# Example: Woods Hole temperature variability

In [None]:
import pathlib
import numpy as np
import xarray as xr
import cartopy.crs as ccrs
import matplotlib.pyplot as plt
import matplotlib.dates as mdates
import datetime
import seaborn as sns
import cmocean
import matplotlib.patches as mpatches
import matplotlib.ticker as mticker
import scipy.signal
import copy

## (optional) remove gridlines from plots
sns.set(rc={"axes.facecolor": "white", "axes.grid": False})

## Functions

In [None]:
def plot_setup(fig, projection, lon_range, lat_range, xticks=None, yticks=None):
    """Add a subplot to the figure with the given map projection
    and lon/lat range. Returns an Axes object."""

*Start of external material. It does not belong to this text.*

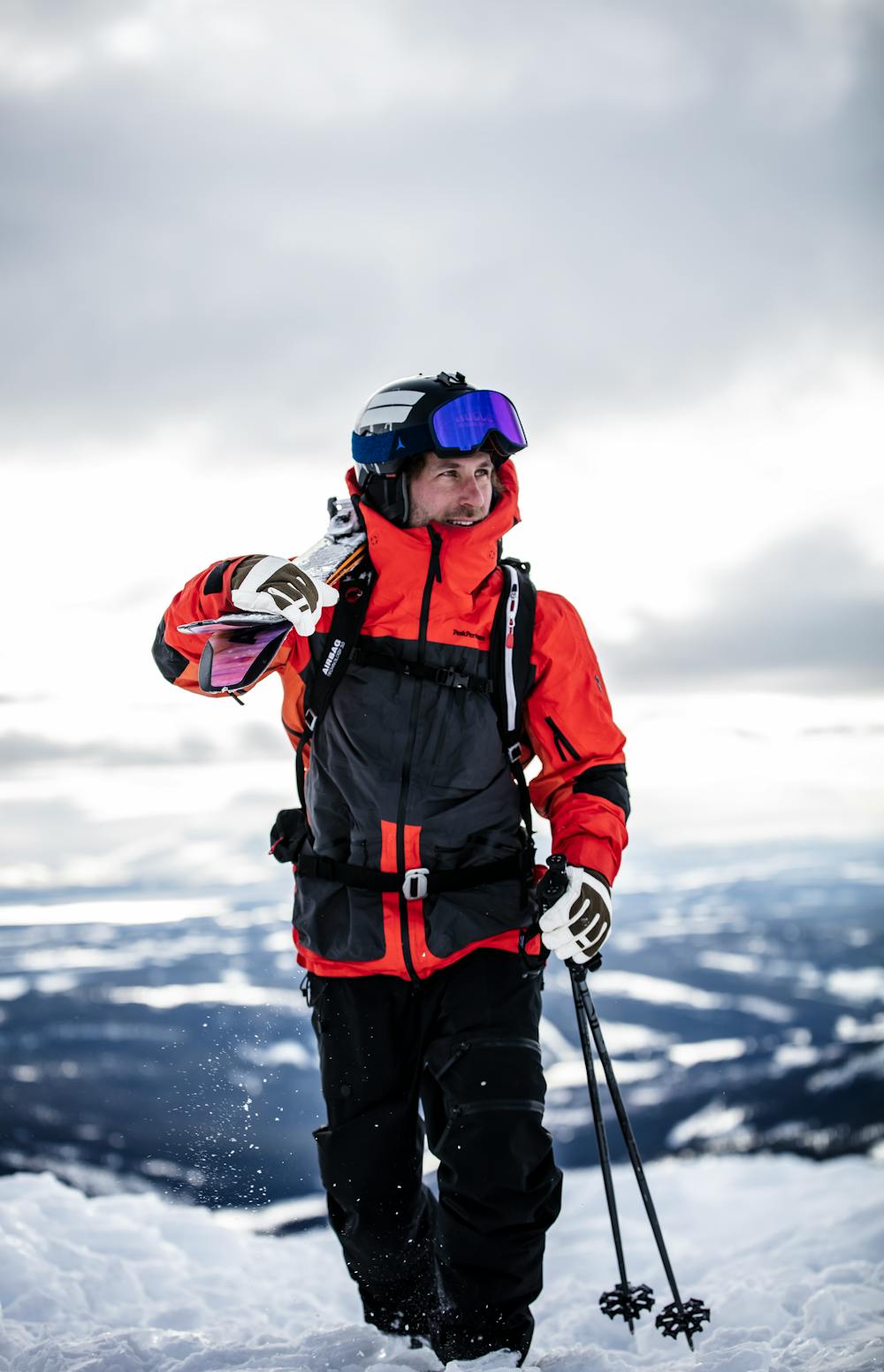 Tarfala in the color Olive (6 of 7)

    ## increase resolution for projection
    ## (otherwise lines plotted on surface won't follow curved trajectories)
    projection.threshold /= 1000

    ## Create subplot with given projection
    ax = fig.add_subplot(projection=projection)

    ## Subset to given region
    extent = [*lon_range, *lat_range]
    ax.set_extent(extent, crs=ccrs.PlateCarree())

    ## draw coastlines
    ax.coastlines(linewidths=0.5)

    ## add tick labels
    if xticks is not None:

        ## add lon/lat labels
        gl = ax.gridlines(
            draw_labels=True,
            linestyle="-",
            alpha=0.1,
            linewidth=0.5,
            color="k",
            zorder=1.05,
        )

        ## specify which axes to label
        gl.top_labels = False
        gl.right_labels = False

        ## specify ticks
        gl.ylocator = mticker.FixedLocator(yticks)
        gl.xlocator = mticker.FixedLocator(xticks)

    return ax


def plot_box_outline(ax, lon_range, lat_range):
    """
    Plot box outlining the specifed lon/lat range on given
    ax object.
    """

    ## get width and height
    height = lat_range[1] - lat_range[0]
    width = lon_range[1] - lon_range[0]

    ## add rectangle to plot
    ax.add_patch(
        mpatches.Rectangle(
            xy=[lon_range[0], lat_range[0]],
            height=height,
            width=width,
            transform=ccrs.PlateCarree(),
            facecolor="none",
            edgecolor="k",
            linewidth=1,
        )
    )

    return ax


def plot_correlation(plot_setup_fn, corr, x, y):
    """
    Make spatial plot of correlation, using the specified
    plot setup function and pre-computed correlation.
    Args:
        - plot_setup_fn: function that returns a fig, ax object
        - corr: xarray with spatial correlation
        - x, y: lon/lat points for plotting
    """

    ## blank canvas to plot on
    fig = plt.figure()

    ## draw background map of Atlantic
    fig, ax = plot_setup_fn(fig)

    ## plot the data
    plot_data = ax.contourf(
        x,
        y,
        corr,
        transform=ccrs.PlateCarree(),
        levels=make_cb_range(1, 0.1),
        extend="both",
        cmap="cmo.balance",
    )

    ## create colorbath
    colorbar = fig.colorbar(plot_data, label="Corr.", ticks=[-1, -0.5, 0, 0.5, 1])

    return fig, ax


def make_cb_range(amp, delta):
    """Make colorbar_range for cmo.balance
    Args:
        - 'amp': amplitude of maximum value for colorbar
        - 'delta': increment for colorbar
    """
    return np.concatenate(
        [np.arange(-amp, 0, delta), np.arange(delta, amp + delta, delta)]
    )


def plot_setup_timeseries():
    """
    Create fig, ax objects and label time axis
    """

    ## set up plot
    fig, ax = plt.subplots(figsize=(4, 3))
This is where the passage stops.